*PROBLEM TO WORK ON:*
Please print the line that holds "ソファでリラックスしながらスマホで婚活情報をゆっくり見る30代男性" and each line after it to the end of the data, word for word, without any pictures.
Top of DATASET EXCERPT
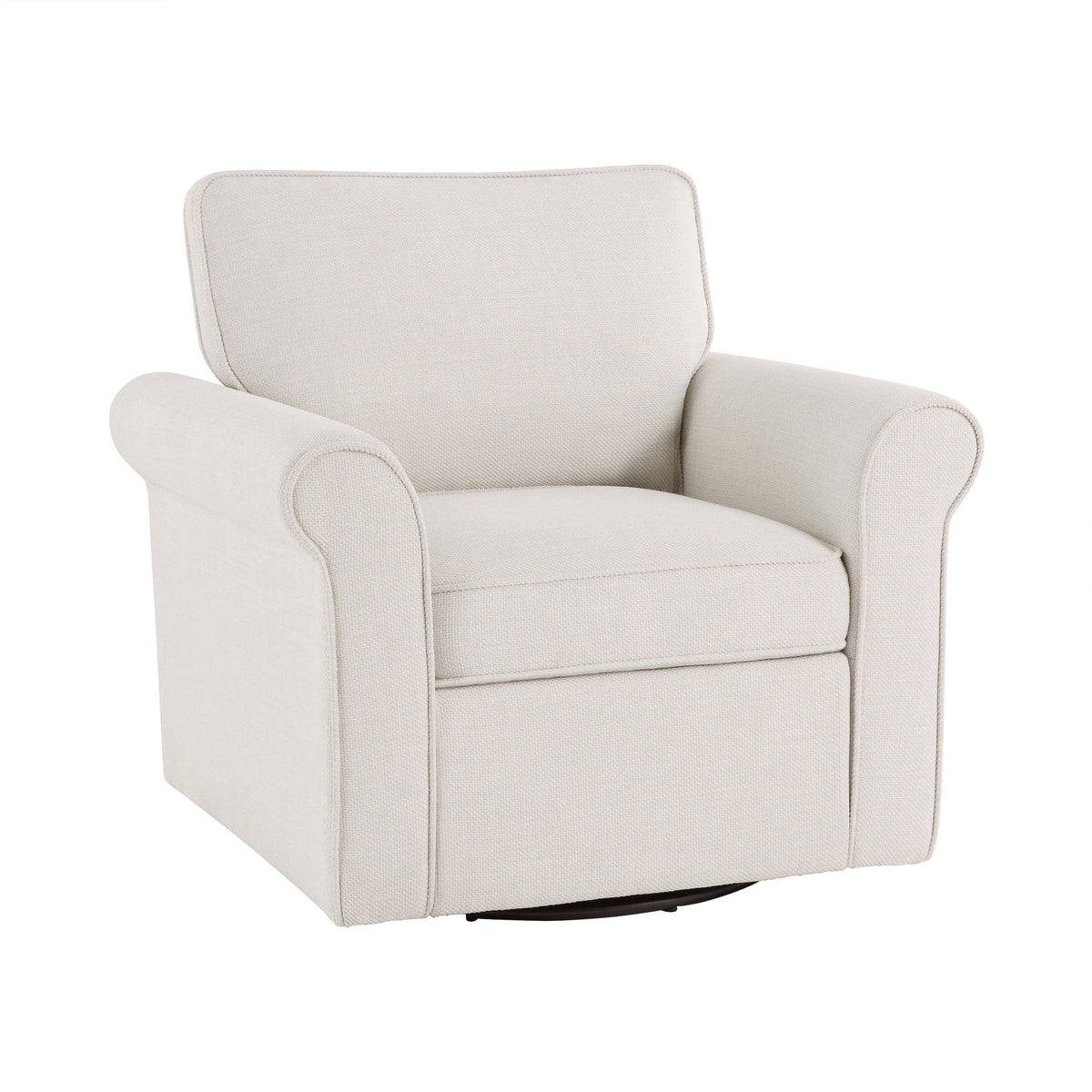 Velmora™ Swivel Accent Chair with Rolled Arms, Cream Fabric Upholstery
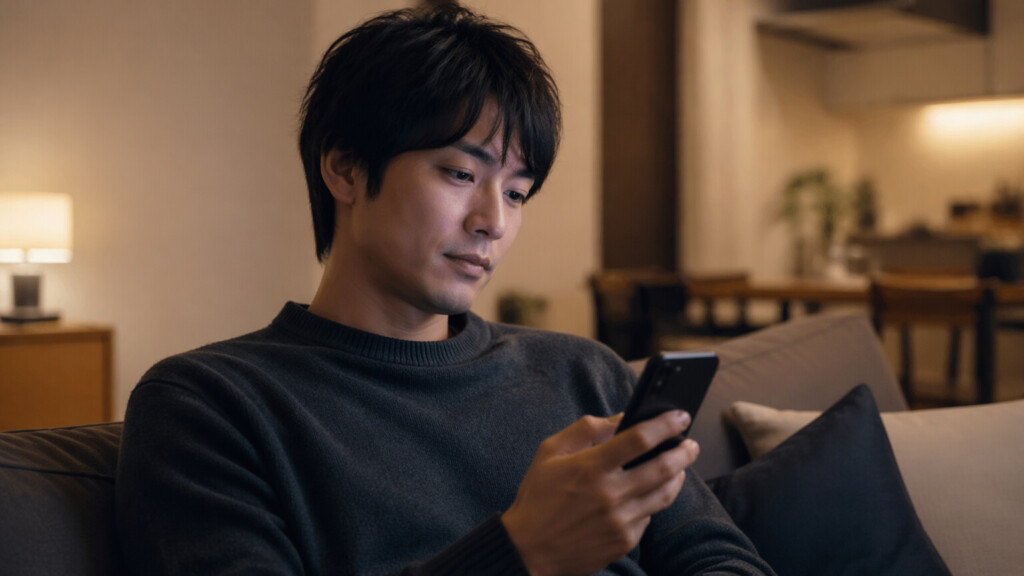 ソファでリラックスしながらスマホで婚活情報をゆっくり見る30代男性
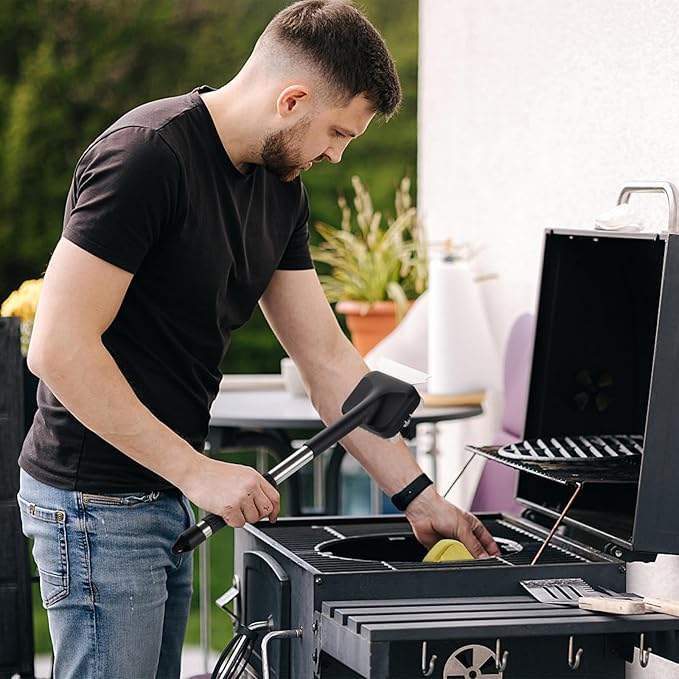 Hairless Grill Brush Set, with Scraper Heat-Resistant Cloth Brush Head and Stainless Steel Spring Brush Head Removable and Replaceable,Suitable for Cast Iron and Stainless Steel Grates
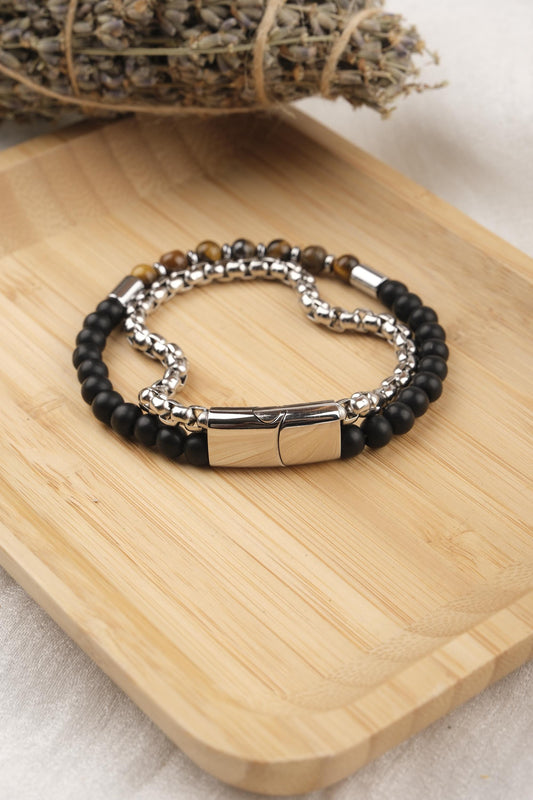 Stones of Strength and Focus, Tiger Eye and Hematite Leather Bracelet for Men, Crystal Bracelet Gift for Him or Boyfriend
Bottom of DATASET EXCERPT
*FINISHED TASK:*
 ソファでリラックスしながらスマホで婚活情報をゆっくり見る30代男性
 Hairless Grill Brush Set, with Scraper Heat-Resistant Cloth Brush Head and Stainless Steel Spring Brush Head Removable and Replaceable,Suitable for Cast Iron and Stainless Steel Grates
 Stones of Strength and Focus, Tiger Eye and Hematite Leather Bracelet for Men, Crystal Bracelet Gift for Him or Boyfriend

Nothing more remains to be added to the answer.